More than a third of the entrants on a recent list of young rich Australians were finance or fintech entrepreneurs.
Part of the response to the changing market is providing the right technology for a group that’s accustomed to doing things by themselves, Marr said. In the major markets where Credit Suisse has introduced its private-banking mobile app, Australia boasts the fastest adoption rate, he added.
Young more diversified
As well as having a greater interest in overseas investment, wealthy Australians are increasingly looking at new asset classes, according to Jason Murray, the private banking head of National Australia Bank.
He said NAB has set up an investment desk to give private banking clients access to transactions they wouldn’t otherwise see, such as venture capital deals.
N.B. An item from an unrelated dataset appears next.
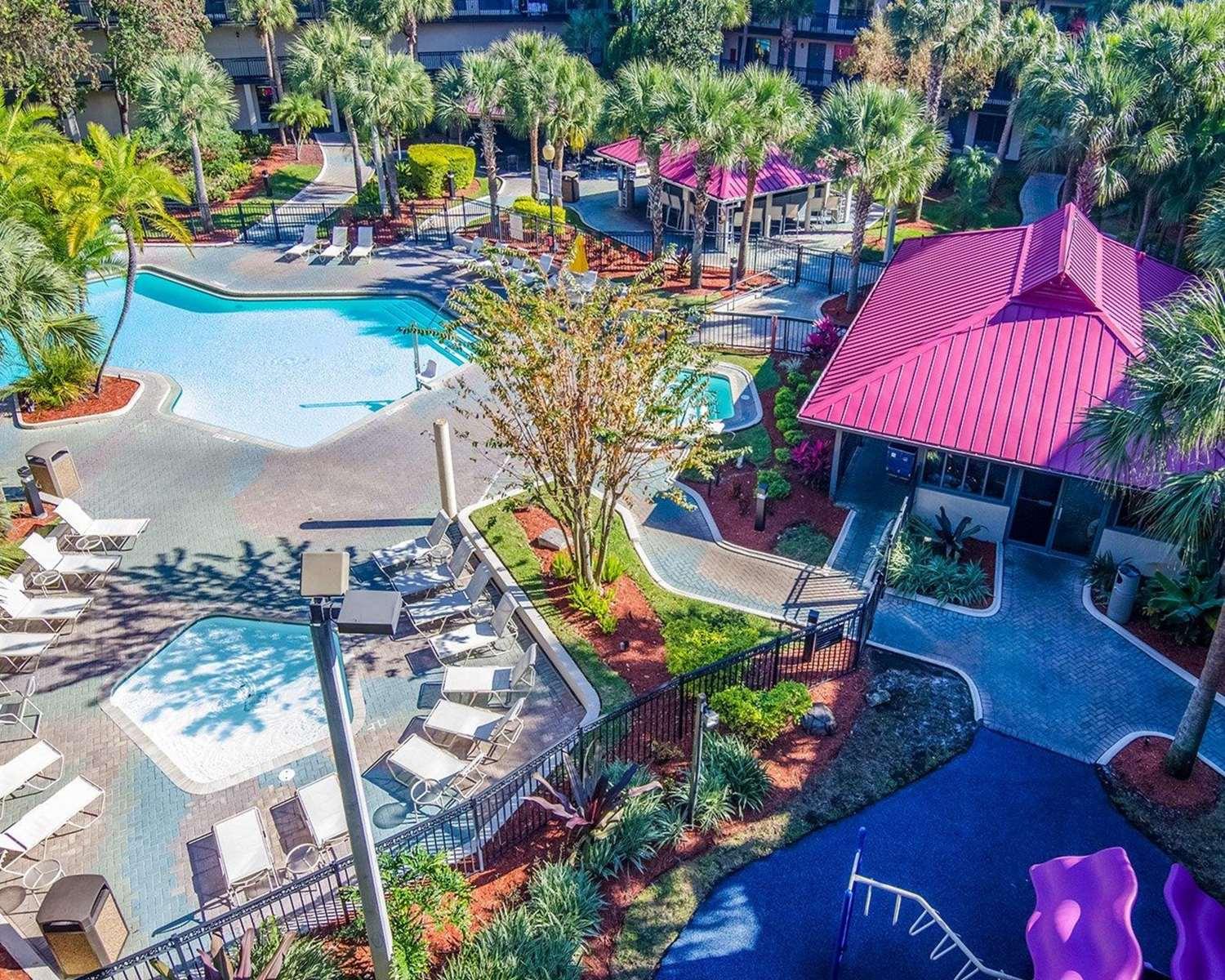 image-housing-carousel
“In general, high net worth individuals in Australia are chronically under-diversified,” Murray said.
Fewer than 20 per cent of high net worth individuals in Australia have a private banker, NAB data shows. That compares with 70 per cent to 80 per cent in the US and Europe, according to research by EY.
The older generations have tended to invest in local property or Australian shares, while keeping relatively high levels of cash. That investment style meant they could meet most of their needs by using an account at one of the local stockbroking firms, as opposed to a private bank, a hurdle that was cited by UBS for its decision to pull out of Australian wealth management three years ago.
The Swiss bank sold its Australian wealth unit in 2015, saying its global business model “has become increasingly difficult to fully operate on a sustainable basis in the local market, which is dominated by a brokerage-based system.”
For Credit Suisse, which launched its onshore private banking operation in Australia a decade ago, the first four to five years were “pretty hard,” Marr said.
The outlook has improved more recently, partly because of the growing interest in overseas investment and as competitors have pulled out, he added. While it doesn’t break out precise figures, Credit Suisse’s assets under management in Australia have doubled in the last three years, according to Marr.
“The Australian private market is very much in its infancy,” Marr said. “Most of the wealth that has been generated in Australia over the past 40 years is still sitting with the generation that made it.”